• **What you need to do**
Copy the lines below verbatim, but only from the line containing "Travis Miller, Amanda" through the end of the data.

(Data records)
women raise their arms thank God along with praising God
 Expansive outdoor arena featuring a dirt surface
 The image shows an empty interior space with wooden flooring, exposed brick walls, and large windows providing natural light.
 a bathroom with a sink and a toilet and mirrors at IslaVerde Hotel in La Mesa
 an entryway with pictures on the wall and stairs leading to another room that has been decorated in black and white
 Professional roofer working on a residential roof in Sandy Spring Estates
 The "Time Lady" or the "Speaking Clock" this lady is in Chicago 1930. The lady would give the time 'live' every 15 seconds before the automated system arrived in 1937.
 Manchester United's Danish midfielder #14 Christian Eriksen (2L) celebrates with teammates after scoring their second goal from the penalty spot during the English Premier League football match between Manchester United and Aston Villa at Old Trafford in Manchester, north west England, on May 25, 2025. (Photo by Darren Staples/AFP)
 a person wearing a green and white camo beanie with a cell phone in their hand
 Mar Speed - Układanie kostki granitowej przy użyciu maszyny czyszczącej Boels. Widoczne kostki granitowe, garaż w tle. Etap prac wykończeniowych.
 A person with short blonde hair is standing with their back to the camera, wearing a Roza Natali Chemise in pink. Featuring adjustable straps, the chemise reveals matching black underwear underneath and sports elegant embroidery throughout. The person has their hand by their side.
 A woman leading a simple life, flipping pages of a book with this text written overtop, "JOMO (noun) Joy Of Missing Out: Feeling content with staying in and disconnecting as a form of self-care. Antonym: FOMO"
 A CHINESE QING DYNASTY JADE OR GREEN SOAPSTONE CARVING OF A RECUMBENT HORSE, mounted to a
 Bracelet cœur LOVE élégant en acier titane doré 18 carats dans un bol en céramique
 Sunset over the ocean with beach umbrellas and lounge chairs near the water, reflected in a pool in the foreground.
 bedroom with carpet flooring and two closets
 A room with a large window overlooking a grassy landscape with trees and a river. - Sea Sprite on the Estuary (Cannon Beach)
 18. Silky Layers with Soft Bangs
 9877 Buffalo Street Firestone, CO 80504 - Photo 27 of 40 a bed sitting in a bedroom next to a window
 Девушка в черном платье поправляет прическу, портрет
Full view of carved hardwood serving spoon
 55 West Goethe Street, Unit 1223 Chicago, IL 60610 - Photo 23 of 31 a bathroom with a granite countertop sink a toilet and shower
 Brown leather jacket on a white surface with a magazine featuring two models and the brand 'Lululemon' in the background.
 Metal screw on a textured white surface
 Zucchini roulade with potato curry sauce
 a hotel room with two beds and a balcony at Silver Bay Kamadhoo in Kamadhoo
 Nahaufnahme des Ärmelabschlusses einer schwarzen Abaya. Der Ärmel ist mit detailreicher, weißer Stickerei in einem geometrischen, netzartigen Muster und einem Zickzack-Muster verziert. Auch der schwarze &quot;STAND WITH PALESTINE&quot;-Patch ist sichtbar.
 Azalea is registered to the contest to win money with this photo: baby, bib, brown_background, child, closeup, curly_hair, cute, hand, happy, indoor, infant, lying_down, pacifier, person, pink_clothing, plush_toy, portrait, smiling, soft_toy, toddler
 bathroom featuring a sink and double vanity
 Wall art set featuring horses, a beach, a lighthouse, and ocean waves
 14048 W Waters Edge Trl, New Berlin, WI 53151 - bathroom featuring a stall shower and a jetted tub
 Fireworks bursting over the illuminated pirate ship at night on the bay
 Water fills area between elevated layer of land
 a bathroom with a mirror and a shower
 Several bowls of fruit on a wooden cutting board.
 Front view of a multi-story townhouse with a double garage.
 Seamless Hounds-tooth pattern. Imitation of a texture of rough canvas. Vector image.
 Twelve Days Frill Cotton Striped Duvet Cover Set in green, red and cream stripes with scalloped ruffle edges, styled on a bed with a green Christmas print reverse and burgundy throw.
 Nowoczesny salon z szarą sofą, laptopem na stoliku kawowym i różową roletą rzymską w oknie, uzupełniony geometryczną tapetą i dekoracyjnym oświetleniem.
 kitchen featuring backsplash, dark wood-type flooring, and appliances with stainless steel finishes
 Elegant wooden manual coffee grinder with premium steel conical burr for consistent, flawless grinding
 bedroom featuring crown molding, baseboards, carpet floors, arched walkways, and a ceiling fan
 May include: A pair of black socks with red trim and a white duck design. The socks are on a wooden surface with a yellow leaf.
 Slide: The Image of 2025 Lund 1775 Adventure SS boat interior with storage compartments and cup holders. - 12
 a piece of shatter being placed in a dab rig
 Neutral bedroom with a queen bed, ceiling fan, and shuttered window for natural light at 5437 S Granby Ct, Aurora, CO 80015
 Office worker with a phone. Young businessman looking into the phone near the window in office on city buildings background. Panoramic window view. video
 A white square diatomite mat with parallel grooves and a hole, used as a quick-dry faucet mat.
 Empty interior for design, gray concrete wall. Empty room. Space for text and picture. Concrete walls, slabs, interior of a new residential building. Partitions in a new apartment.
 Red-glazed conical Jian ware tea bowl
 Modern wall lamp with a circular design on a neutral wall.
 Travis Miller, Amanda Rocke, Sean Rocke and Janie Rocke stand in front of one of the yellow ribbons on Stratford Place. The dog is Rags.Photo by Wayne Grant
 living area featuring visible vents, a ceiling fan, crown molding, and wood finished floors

• **Exercise solution**
 Travis Miller, Amanda Rocke, Sean Rocke and Janie Rocke stand in front of one of the yellow ribbons on Stratford Place. The dog is Rags.Photo by Wayne Grant
 living area featuring visible vents, a ceiling fan, crown molding, and wood finished floors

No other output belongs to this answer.